Short web captions:

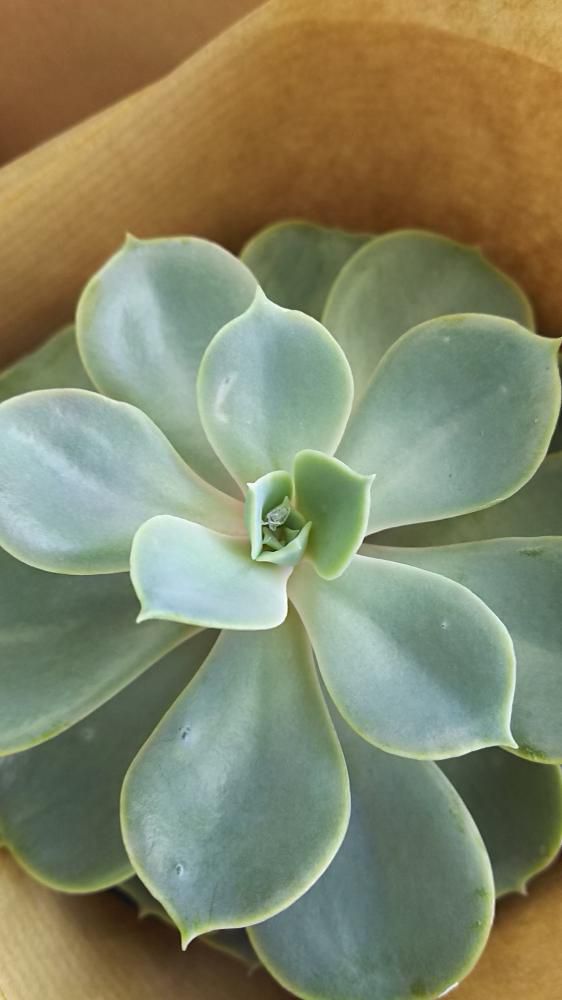おはな。と。もっと。多肉植物。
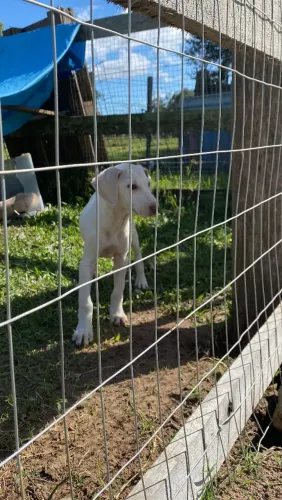 Cadelinha veadeiro pampeano 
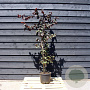 Corylus 'Red Majestic' 125-150 cm 12L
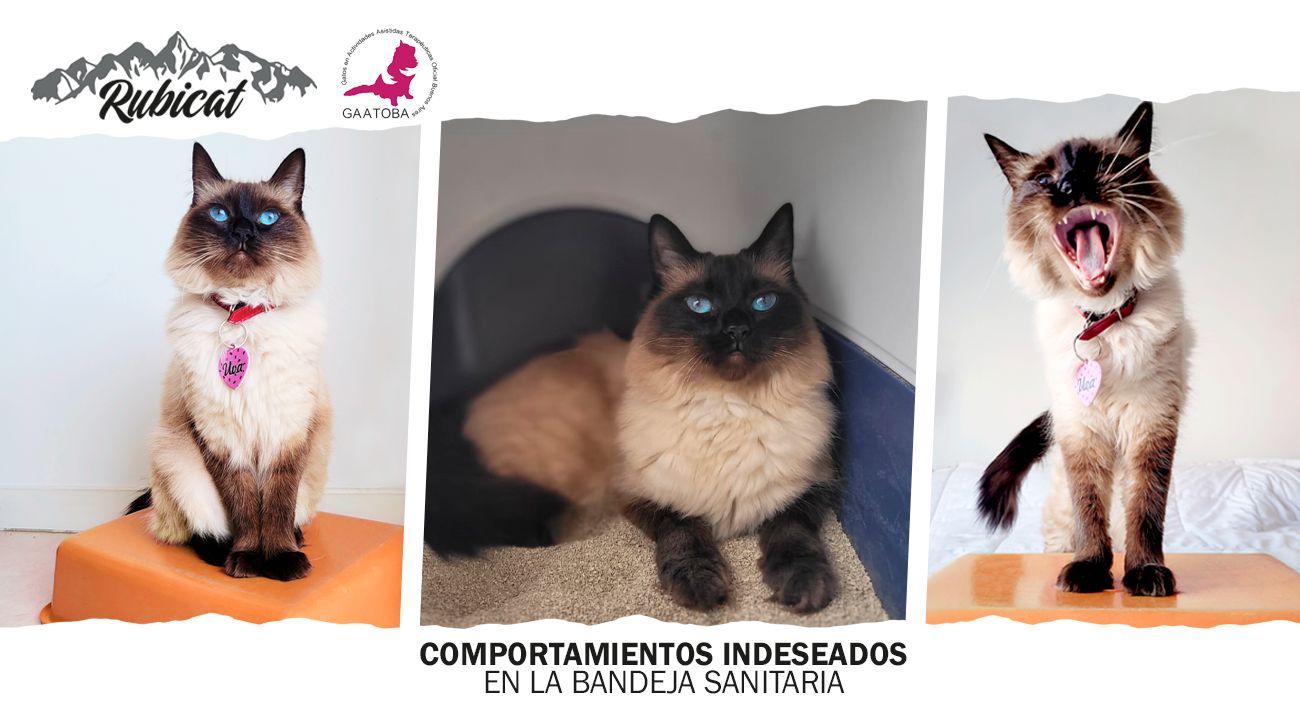 Comportamientos indeseados del gato con su bandeja de arena sanitaria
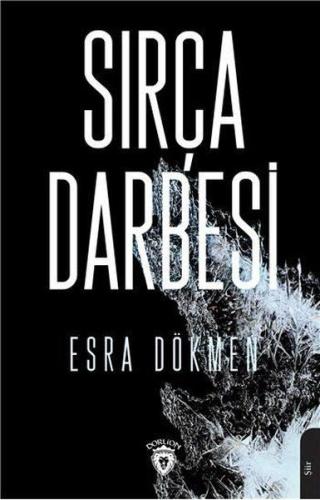 Sırça Darbesi %25 indirimli Esra Dökmen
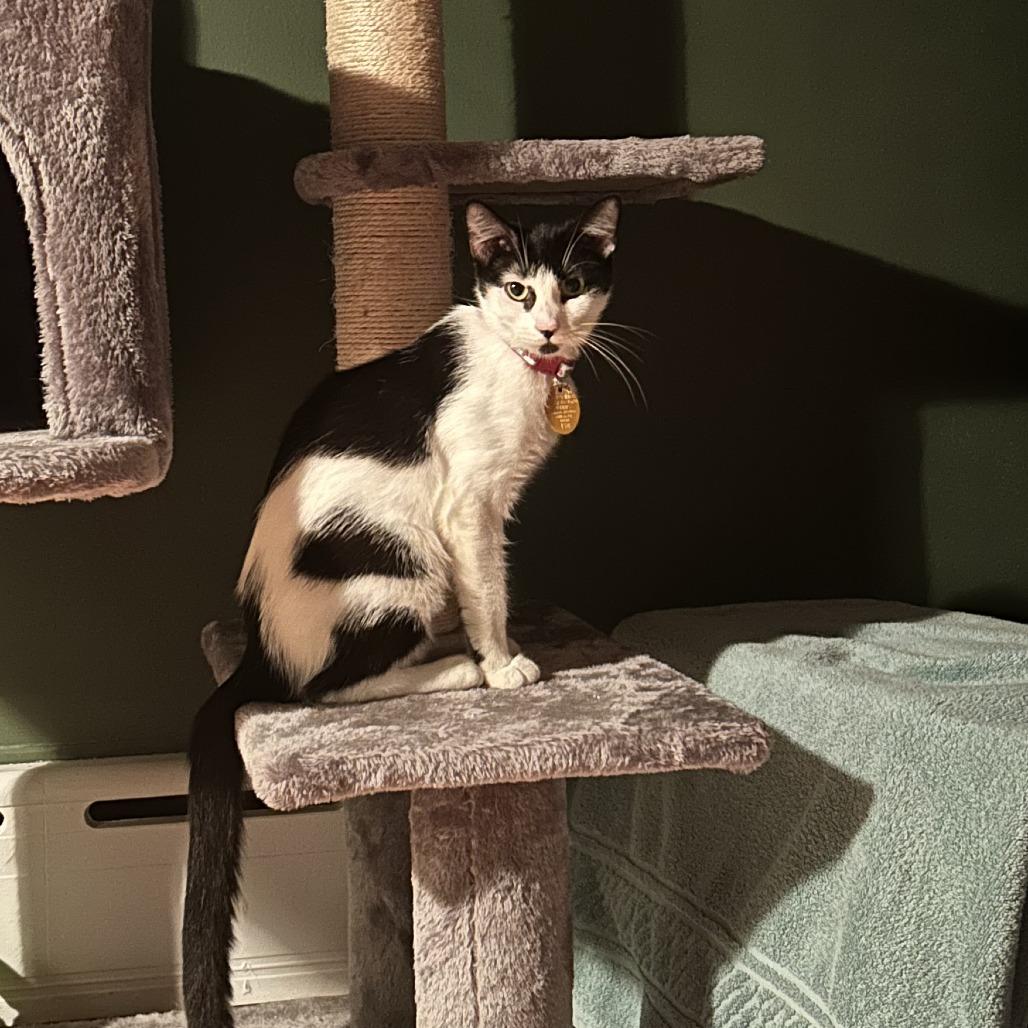 Enlarge Molly FKA Oreo, a Adoptable Domestic Short Hair in Philadelphia, PA image 4/6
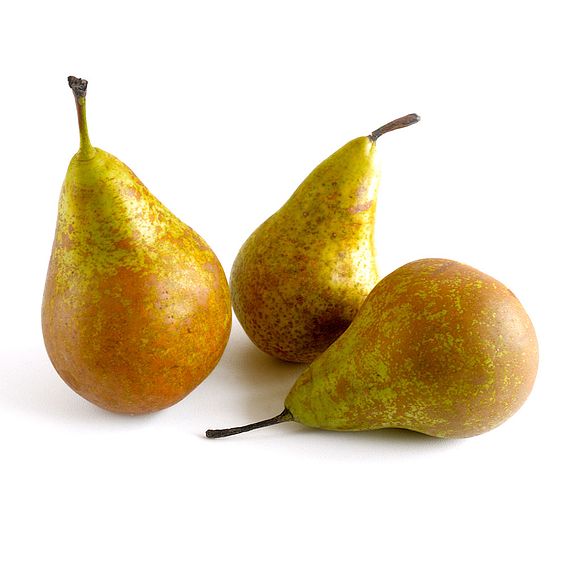 Pear 'Conference'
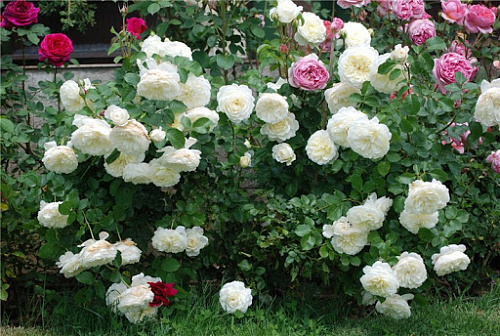 Роза англ. Транквилити (Rosa Tranquillity)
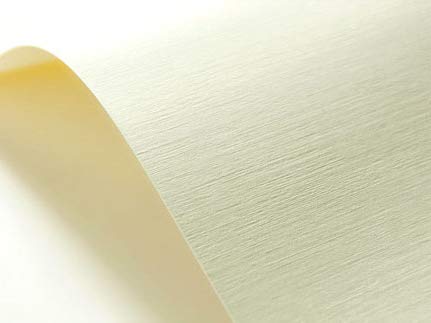 Netuno 400x Struktur-Karton Creme leinen-geprägt DIN A4 21 x 29,7 cm 246g Elfenbeinkarton Chamois Leinen-Struktur-Prägung Bastel-Karton elfenbeinfarben strukturiert Leinen-Optik von Netuno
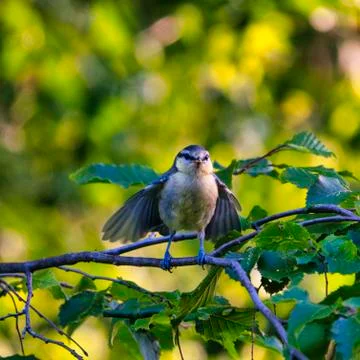 Great Tilt on tree Stock-Fotos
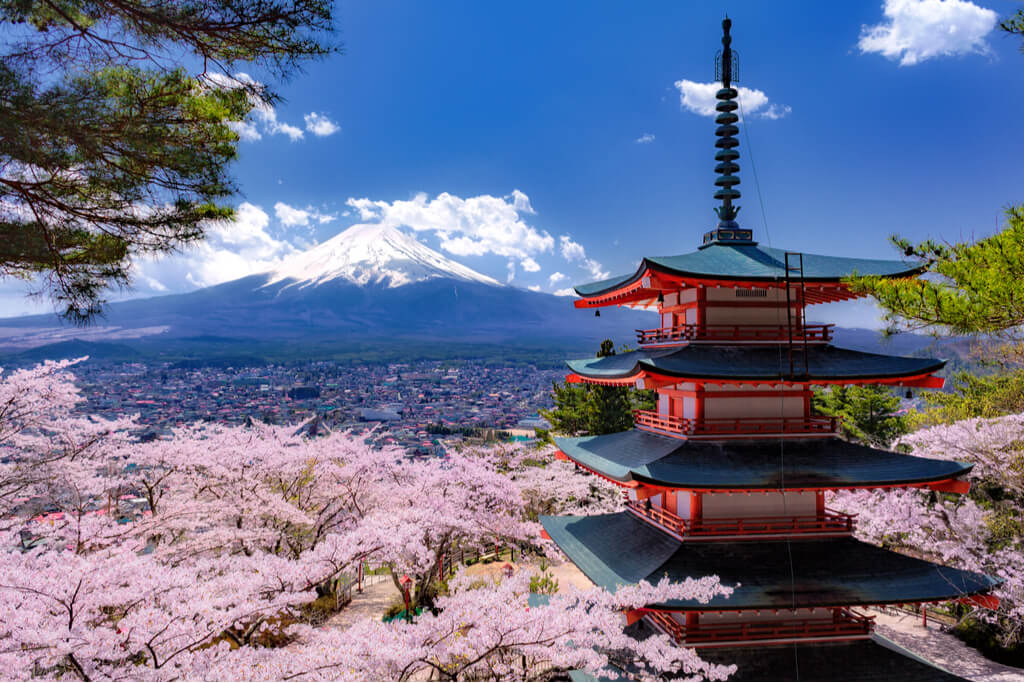 Cherry blossoms around a pagoda that overlooks Mt. Fuji and the town in front of it.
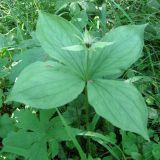 Paris quadrifolia. Плодоносящее растение. Свердловская обл., Ивдельский ГО, р. Большая Тошемка. 23.07.2009.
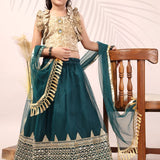 Attractive Kids Net Lehenga Choli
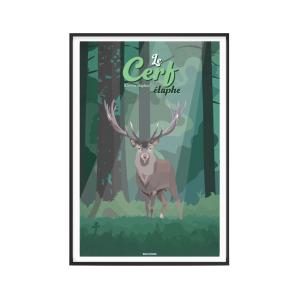 Affiche Animaux - Le Cerf élaphe 30 x 40 cm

> Task statement
With pictures left out, repeat exactly the lines from the one containing "Paris quadrifolia. Плодоносящее" through the last line of the data above, inclusive, and nothing else.

> Reply
 Paris quadrifolia. Плодоносящее растение. Свердловская обл., Ивдельский ГО, р. Большая Тошемка. 23.07.2009.
 Attractive Kids Net Lehenga Choli
 Affiche Animaux - Le Cerf élaphe 30 x 40 cm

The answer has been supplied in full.